- Interactive map of Tsentralne
- Tsentralne Location within Mykolaiv Oblast Tsentralne Tsentralne (Ukraine)
- Coordinates: 46°54′19.8″N 32°28′23.5″E﻿ / ﻿46.905500°N 32.473194°E
- Sovereign State: Ukraine
- Oblast: Mykolaiv Oblast
- Raion: Mykolaiv Raion
- Founded: 1930

Area
- • Total: 4.63 km^{2} (1.79 sq mi)
- Elevation: 44 m (144 ft)

Population (2001 census)
- • Total: 1,247
- Time zone: UTC+2 (EET)
- • Summer (DST): UTC+3 (EEST)

= Tsentralne, Mykolaiv Raion, Mykolaiv Oblast =

Rural locality in Mykolaiv Oblast, Ukraine

Tsentralne (Центральне; Центральное) is a village in Mykolaiv Raion (district) of Mykolaiv Oblast (province) of southern Ukraine. In 2001, its population was 1,247 inhabitants. It belongs to Shevchenkove rural hromada, one of the hromadas of Ukraine. At present, elevation is 44 m (144 ft).
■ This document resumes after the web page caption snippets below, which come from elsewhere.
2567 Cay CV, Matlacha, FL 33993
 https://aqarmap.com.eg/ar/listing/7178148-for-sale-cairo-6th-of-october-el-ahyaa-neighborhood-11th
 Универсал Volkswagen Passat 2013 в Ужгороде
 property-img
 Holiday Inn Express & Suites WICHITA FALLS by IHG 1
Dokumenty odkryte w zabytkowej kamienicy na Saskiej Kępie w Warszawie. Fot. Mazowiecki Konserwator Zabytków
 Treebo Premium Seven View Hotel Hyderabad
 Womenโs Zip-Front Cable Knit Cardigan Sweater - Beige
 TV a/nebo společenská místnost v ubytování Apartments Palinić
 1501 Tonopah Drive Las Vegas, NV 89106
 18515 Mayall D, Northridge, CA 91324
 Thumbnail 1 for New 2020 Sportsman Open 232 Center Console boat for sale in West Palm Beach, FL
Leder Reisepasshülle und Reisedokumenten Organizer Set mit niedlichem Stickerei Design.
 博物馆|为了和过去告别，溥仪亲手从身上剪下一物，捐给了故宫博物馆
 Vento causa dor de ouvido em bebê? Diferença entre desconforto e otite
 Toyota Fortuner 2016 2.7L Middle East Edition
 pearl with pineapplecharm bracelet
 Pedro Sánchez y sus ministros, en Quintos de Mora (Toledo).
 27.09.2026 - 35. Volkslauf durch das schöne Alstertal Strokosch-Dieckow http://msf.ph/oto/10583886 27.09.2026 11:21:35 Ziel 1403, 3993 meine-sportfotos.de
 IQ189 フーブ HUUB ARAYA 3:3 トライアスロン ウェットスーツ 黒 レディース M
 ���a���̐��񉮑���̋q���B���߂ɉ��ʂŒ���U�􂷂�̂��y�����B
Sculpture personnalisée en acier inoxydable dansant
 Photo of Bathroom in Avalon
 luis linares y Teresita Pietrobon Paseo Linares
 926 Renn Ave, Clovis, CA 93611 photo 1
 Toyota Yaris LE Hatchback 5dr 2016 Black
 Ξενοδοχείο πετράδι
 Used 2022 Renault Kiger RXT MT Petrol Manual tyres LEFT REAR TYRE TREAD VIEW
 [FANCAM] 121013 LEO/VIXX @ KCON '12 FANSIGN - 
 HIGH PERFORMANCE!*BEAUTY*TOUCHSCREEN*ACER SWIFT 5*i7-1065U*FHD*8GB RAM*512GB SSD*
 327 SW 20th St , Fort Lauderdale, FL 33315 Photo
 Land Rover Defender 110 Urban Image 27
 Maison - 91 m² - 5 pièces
Until 18 July 2020, Tsentralne was located in Snihurivka Raion. The raion was abolished in July 2020 as part of the administrative reform of Ukraine, which reduced the number of raions of Mykolaiv Oblast to four. The area of Snihurivka Raion was merged into Bashtanka Raion, however, Tsentralne was transferred to Mykolaiv Raion.

== 2022 Russian invasion of Ukraine ==
During the 2022 Russian invasion of Ukraine, Tsentralne was captured by the Russian Armed Forces, but was subsequently liberated by the Armed Forces of Ukraine.